Fine. But what good is a folk singer with no opinions?
While we're sitting in front of the music concourse, McCombs goes searching through his backpack, seemingly happening upon a wrinkled piece of paper. He pulls out what looks like a jury summons.
"Do you have jury duty?" I ask.
"Is it here?"
"No, it's up in the north."
We know McCombs was born in Concord and orbited the Bay Area for a while before moving to the East Coast around 2003. That's about it. He won't say much more about where he's from. "I don't really like to use that word, 'live here or there,'" says. "It just reeks of bravado and entitlement."
Again, is this enigma-cultivation? Is it simply McCombs being honest? Hard to say. But if McCombs' upbringing fit with his current image, you'd think he'd be more open to talking about it.
The one thing McCombs plainly professes to love is playing music, though he's openly ambivalent about making records. "If the record was made, it's because of them [the producers and his band], not me," he says of Big Wheel, an album that will likely raise his profile forever. "It probably would never have been made if it were up to me."
The album moves more like a magnum opus than a collection of tracks laid down in different places by different people at different times, though that is how it was recorded. McCombs gives most of the credit to other people. "I wouldn't go into the studio if I didn't have a band who's ready, willing, and able," he says. "I wouldn't do it for myself ... I don't feel the necessity to make records, even now."
So after almost an hour with McCombs, my questions have only led to more questions. Is he trying to subvert the classical picture of the traveling songwriter, even as he seems to embrace it? Is he holding us away because that's really his way, or because he's afraid that if we get too close, we'll realize he's not everything he claims to be?
Toward the end of our encounter, McCombs lights a joint. I ask if he thinks he'll ever drop his itinerant lifestyle, settle down, maintain a permanent residence. It must be easy to travel all the time, I say, but isn't it also stressful, to not have a place to live?

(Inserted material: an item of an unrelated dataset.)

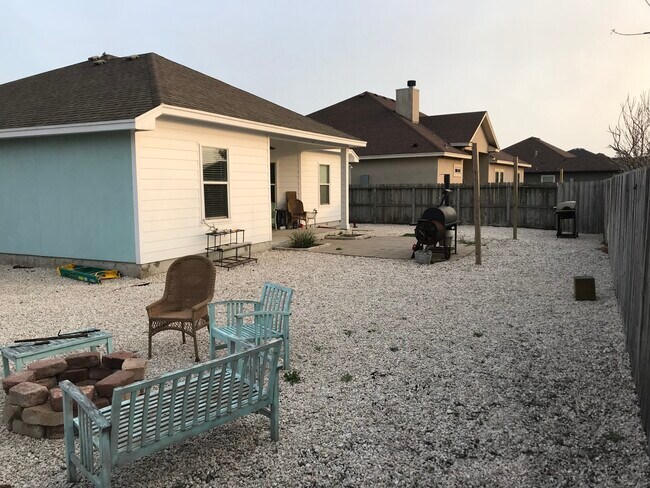 Building Photo - 15637 Finistere St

He pulls on the joint. "It's not stressful at all," he says, eyes gleaming with amusement. "I'm making music with my friends. It's fun. It should be fun. You shouldn't make music if it isn't fun. There's no money in it anyway. And if there's any money in it, you should stop right away. You're doing something wrong if you're making money."
So here is one explanation. Cass McCombs has made his best album yet. He could be a great songwriter of our time. He may seem to be following the template made by other, guitar-wielding word-men decades ago. But this is 2013, not 1963. Cass McCombs is not doing what he does for art, or fame, or America, or for the good of the poor. He is doing it for himself, because he likes to. When it comes to his songs, and his inscrutable answers to interview questions, he simply doesn't care if anyone else follows along or not.